Spoilers ahead, sweetie.
Don’t let the fact that this is an animated film fool you. It has a dark tone, and although there are a few moments of levity, it is for the most part straight-up drama. I would go so far as to say tragedy.
The premise of the story is that Jack, having been born on the coldest day on earth—a day on which dead birds fall frozen from the sky—has a heart of ice. The midwife, Madeline, replaces his heart with a tiny cuckoo clock. Jack’s birth mother abandons him to Madeline’s care.
When Jack turns 10, Madeline cautions him that because of his delicate mechanical heart, he must not lose his temper or fall in love, as this would cause his heart to explode.
Of course Jack immediately meets Acasia and falls in love with her.
The fundamental flaw at the center of this film, then, is its wrong-headed view of love. Like almost every blinking animated film ever, Jack and the Cuckoo-Clock Heart mistakes infatuation for love.
The great love of the story—which the filmmakers give scant attention—is the love Madeline shows in raising Jack as her own.
As for Jack, his journey as a hero is purely superficial. At the age of 14 he jaunts across Europe in search of Acacia, whom he finds singing in a circus populated by refugees from one of Bosch’s paintings. Yet Jack doesn’t actually grow or change in the course of this adventure, and neither does she.
The character motivations, where they are present at all, seem completely arbitrary. Characters do or say things randomly according to whatever suits the mood of the filmmakers at any given moment. Acacia says she loves Jack, but when he gets into a fight with schoolyard bully Joe, she turns on him. Madeline goes to great lengths to save the life of newborn Jack, but another scene hints that she may be an abortionist.

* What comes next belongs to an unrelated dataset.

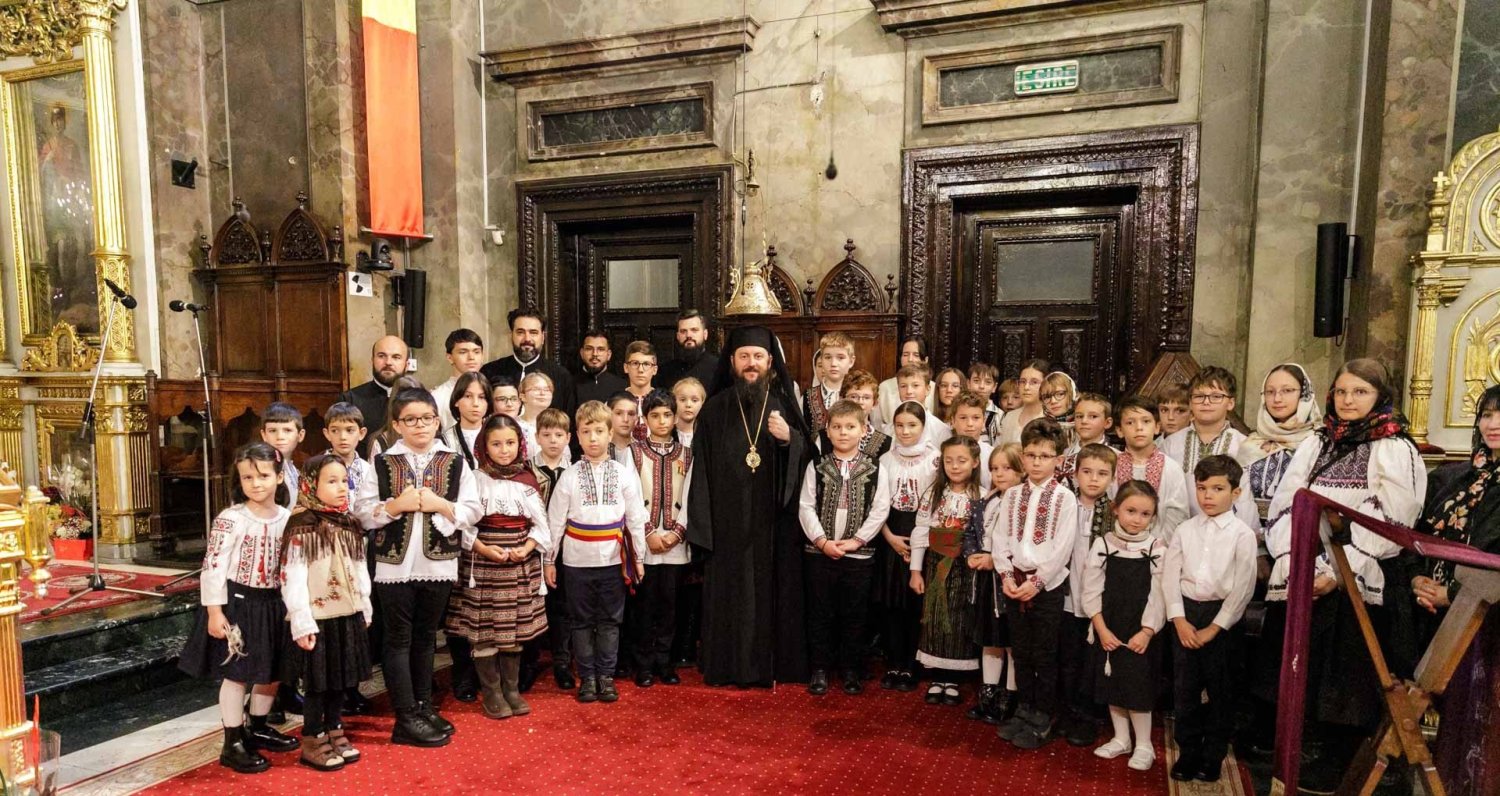 Liturghie arhierească la Iași în prima zi de hram 343831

The entire plot is episodic, which is not a bad thing in itself, but an episodic plot needs a strong theme and through-line to tie all the pieces together, and the Jack-Acacia infatuation isn’t strong enough to do that.
A great deal of the discontinuity this structure produces can probably be attributed to the fact that the film is based on the book The Boy with the Cuckoo-Clock Heart and the related concept album La Mécanique du Cœur by the band Dionysos. The book was written by Dionysos frontman Mathias Malzieu. Some of the songs are good, but some suffer in translation.
As RJ Conte commented on Lori Ann’s post, the movie “Totally was an excuse for that band to promote their songs.” Maybe not totally, but it seems that some events in the movie are there only because there was a song to include. Notable among these is something I can only interpret as a dream sequence involving Jack the Ripper. It has nothing to do with the story, and the instant another character enters the scene, the Ripper vanishes as if he had never been there.
But the ending, mes amies … the ending …
I warned you there were spoilers, sweetie.
The movie’s nihilist worldview is nowhere more evident that at the ending, in which Jack returns home to find that Madeline has died in his absence—apparently of a broken heart. As he visits her grave, Acacia arrives. They kiss, and he dies. The. End.
All the struggles of the hero are for naught.
The theme appears to be that love is so painful it should be avoided. But where I feel the story most misses its mark is that neither Madeline’s death nor Jack’s is meaningful. I don’t expect every ending to be happy, but if the ending is going to be a sad one, let it have meaning. In this story, love leads to death.
In my worldview, love leads to life.